• **Data supplied**:
>>>

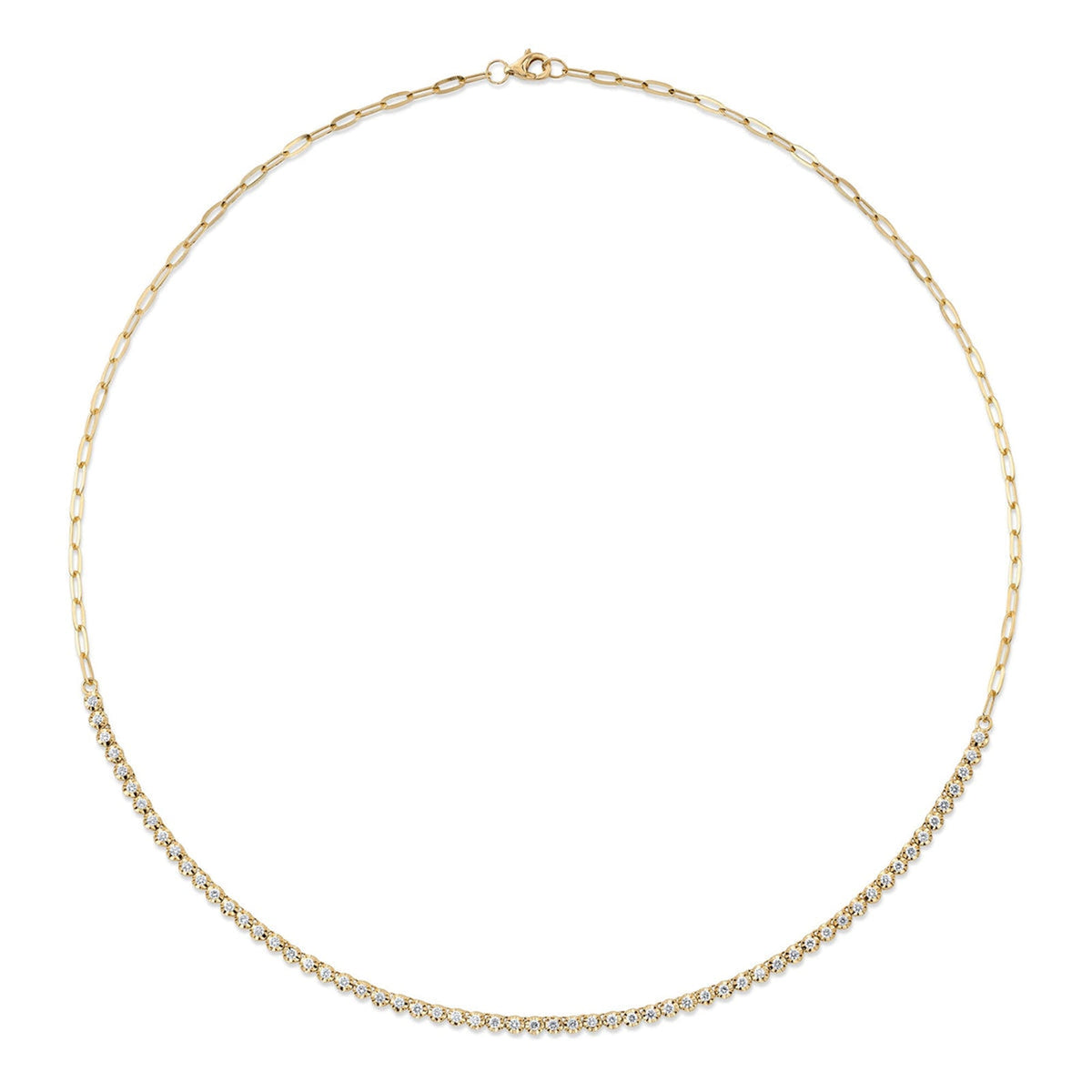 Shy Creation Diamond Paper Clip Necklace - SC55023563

<<<
>>>

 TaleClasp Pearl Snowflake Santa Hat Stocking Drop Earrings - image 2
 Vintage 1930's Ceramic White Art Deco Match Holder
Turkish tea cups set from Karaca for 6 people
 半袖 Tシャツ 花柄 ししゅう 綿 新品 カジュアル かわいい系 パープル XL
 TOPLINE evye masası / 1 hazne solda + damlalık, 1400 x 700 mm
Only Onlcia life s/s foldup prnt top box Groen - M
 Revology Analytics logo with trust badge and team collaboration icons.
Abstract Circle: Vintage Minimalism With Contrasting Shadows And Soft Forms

<<<
>>>

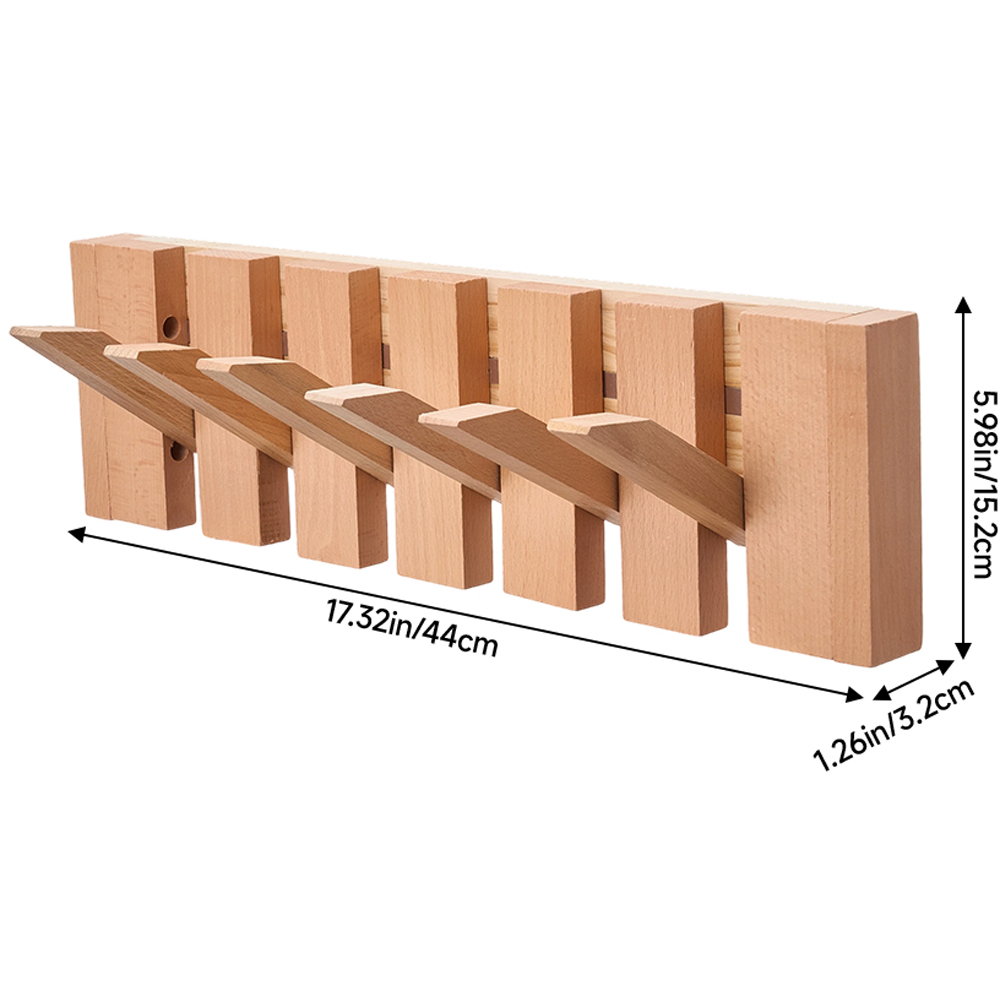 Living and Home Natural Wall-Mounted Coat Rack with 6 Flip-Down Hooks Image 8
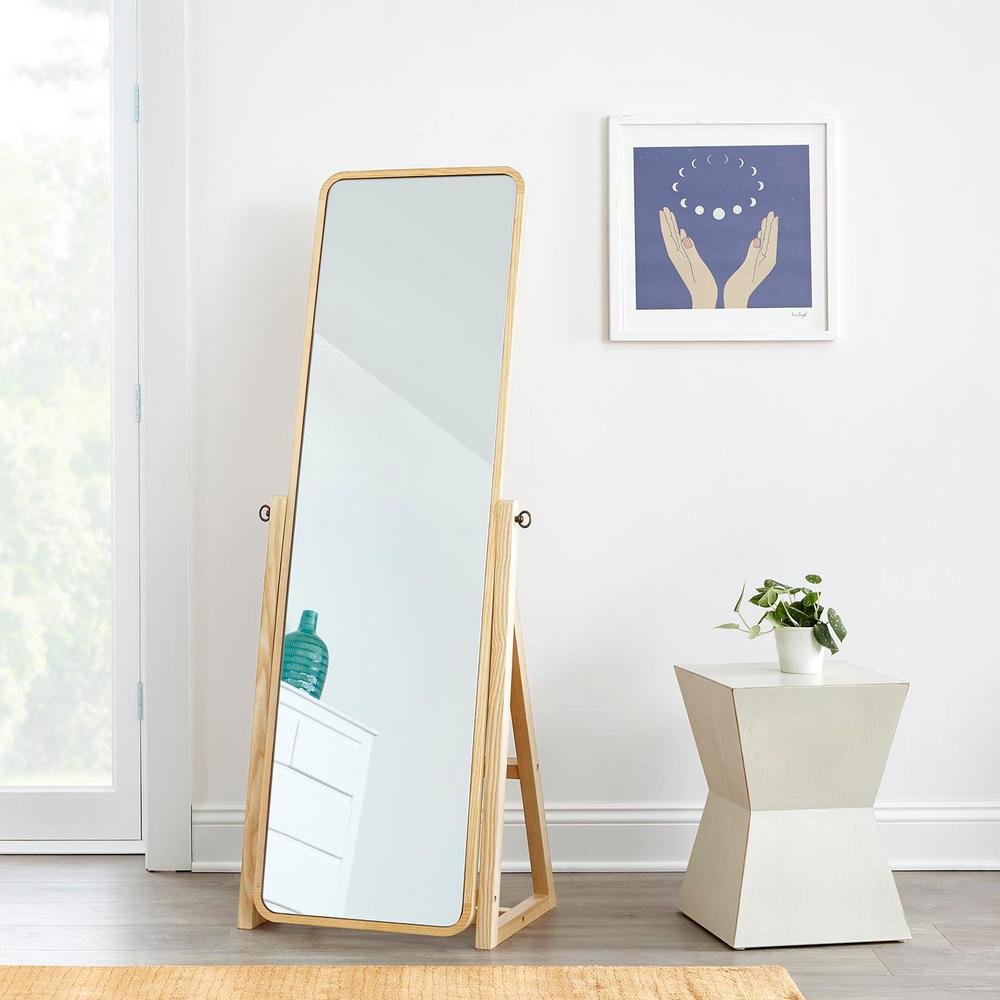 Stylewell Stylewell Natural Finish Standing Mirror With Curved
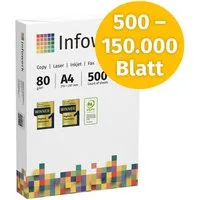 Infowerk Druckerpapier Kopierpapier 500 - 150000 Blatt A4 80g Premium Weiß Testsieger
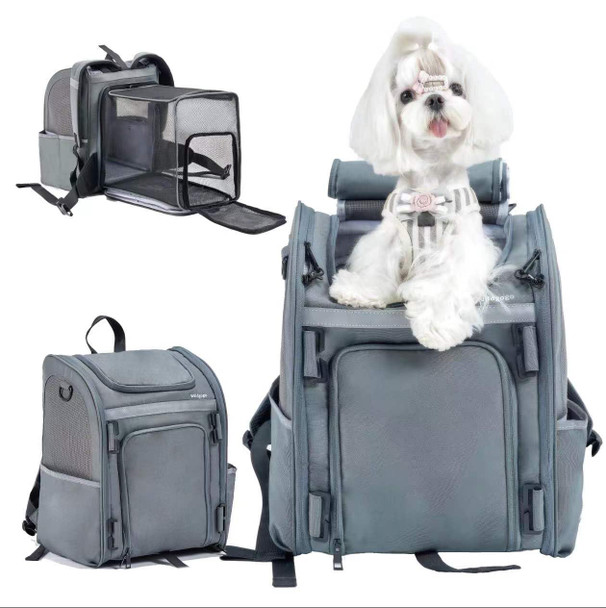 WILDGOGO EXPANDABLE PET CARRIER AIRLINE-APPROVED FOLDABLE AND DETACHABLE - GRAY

<<<

• **Assignment**:
From the entries, count the lines that hold the string "Vintage". Nothing but the number is needed.

• **Result**:
2